🤖 AI Summary
Traditional Wasserstein distances for comparing persistence diagrams and merge trees neglect the spatial locations of topological features, limiting discriminative power in geometric contexts.
Method: We propose a region-semantic-aware weighted Wasserstein metric that models spatial distributions of topological features via extremum-aligned regions—geometrically meaningful subdomains aligned with function extrema. A tunable parameter controls the influence of regional attributes on the distance, while subset sampling and attribute compression enable computationally and memory-efficient optimization within the optimal transport framework.
Results: Experiments demonstrate substantial improvement in topological discrimination accuracy, with average computation times under several minutes.
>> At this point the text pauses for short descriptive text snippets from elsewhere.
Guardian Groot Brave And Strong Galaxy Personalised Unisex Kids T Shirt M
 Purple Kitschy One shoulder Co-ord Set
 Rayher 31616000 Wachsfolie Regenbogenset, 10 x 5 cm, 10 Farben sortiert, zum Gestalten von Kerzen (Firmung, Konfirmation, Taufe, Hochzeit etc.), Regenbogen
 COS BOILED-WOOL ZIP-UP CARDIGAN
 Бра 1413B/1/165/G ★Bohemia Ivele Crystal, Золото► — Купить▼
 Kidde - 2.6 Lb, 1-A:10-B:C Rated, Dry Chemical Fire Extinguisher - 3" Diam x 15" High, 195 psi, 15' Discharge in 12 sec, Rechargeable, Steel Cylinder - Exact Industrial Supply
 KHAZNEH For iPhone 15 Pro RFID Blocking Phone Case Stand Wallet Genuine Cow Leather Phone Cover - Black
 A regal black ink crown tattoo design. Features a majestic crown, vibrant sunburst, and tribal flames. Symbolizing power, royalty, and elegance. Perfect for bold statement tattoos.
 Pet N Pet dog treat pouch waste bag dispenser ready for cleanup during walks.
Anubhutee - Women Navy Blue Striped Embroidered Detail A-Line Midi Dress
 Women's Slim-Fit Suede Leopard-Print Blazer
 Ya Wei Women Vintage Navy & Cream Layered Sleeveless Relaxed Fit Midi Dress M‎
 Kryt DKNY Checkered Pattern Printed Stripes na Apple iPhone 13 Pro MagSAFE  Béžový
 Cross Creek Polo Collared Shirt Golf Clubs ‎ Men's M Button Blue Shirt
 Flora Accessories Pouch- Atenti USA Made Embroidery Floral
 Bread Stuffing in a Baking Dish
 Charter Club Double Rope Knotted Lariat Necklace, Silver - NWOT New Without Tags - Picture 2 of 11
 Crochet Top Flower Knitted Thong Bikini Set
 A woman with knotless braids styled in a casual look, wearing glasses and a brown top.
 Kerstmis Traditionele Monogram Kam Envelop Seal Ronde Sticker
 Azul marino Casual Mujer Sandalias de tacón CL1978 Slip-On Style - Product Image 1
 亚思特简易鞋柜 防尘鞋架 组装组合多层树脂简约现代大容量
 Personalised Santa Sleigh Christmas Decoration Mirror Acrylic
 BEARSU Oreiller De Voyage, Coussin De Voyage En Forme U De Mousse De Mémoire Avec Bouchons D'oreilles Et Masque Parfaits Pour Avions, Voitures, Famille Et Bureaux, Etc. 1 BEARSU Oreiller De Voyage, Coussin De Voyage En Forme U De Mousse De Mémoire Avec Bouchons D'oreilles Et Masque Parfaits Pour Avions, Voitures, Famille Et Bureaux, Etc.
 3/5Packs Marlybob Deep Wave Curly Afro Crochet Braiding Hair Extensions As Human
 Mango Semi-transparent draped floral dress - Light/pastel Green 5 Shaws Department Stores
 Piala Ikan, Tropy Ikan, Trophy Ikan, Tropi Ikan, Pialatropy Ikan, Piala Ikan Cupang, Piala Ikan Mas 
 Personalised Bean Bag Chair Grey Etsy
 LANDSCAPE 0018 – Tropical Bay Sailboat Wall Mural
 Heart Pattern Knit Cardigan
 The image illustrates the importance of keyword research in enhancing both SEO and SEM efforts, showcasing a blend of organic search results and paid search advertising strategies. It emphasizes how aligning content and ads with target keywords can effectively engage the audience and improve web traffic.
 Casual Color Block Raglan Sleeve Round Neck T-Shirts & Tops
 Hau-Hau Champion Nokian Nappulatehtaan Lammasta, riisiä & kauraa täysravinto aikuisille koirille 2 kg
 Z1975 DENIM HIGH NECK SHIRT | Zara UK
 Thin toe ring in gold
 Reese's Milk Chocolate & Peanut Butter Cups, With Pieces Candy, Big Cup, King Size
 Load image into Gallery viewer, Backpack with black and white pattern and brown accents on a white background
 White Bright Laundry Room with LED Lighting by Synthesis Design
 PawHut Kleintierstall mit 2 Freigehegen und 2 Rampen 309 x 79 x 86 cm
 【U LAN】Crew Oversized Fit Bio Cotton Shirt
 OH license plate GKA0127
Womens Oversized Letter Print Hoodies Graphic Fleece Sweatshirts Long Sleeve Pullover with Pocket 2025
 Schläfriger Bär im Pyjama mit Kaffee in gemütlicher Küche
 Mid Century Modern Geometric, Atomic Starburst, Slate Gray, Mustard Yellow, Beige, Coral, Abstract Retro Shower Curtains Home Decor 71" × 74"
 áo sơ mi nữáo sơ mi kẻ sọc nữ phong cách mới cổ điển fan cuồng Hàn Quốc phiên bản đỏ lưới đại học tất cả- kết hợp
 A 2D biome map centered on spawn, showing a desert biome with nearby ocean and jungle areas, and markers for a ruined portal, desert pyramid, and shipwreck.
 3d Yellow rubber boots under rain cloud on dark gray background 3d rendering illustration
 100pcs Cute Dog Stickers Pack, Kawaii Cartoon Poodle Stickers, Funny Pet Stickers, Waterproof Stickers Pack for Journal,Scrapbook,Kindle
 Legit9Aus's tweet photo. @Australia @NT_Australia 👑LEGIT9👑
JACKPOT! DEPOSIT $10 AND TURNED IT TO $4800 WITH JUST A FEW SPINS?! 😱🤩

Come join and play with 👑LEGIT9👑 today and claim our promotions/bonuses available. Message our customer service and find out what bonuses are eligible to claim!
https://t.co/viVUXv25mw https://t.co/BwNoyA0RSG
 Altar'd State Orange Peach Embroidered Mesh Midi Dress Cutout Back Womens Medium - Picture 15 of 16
The metric successfully enables critical phase identification in time-varying ensembles, topological evolution tracking, and dimensionality-reduced visualization. It provides a scalable, expressive tool for large-scale topological data analysis, balancing fidelity, interpretability, and computational tractability.
📝 Abstract
This paper presents a generalization of the Wasserstein distance for both persistence diagrams and merge trees [20], [66] that takes advantage of the regions of their topological features in the input domain. Specifically, we redefine the comparison of topological features as a distance between the values of their extrema-aligned regions. It results in a more discriminative metric than the classical Wasserstein distance and generalizes it through an input parameter adjusting the impact of the region properties in the distance. We present two strategies to control both computation time and memory storage of our method by respectively enabling the use of subsets of the regions in the computation, and by compressing the regions' properties to obtain low-memory representations. Extensive experiments on openly available ensemble data demonstrate the efficiency of our method, with running times on the orders of minutes on average. We show the utility of our contributions with two applications. First, we use the assignments between topological features provided by our method to track their evolution in time-varying ensembles and propose the temporal persistence curves to facilitate the understanding of how these features appear, disappear and change over time. Second, our method allows to compute a distance matrix of an ensemble that can be used for dimensionality reduction purposes and visually represent in 2D all its members, we show that such distance matrices also allow to detect key phases in the ensemble. Finally, we provide a C++ implementation that can be used to reproduce our results.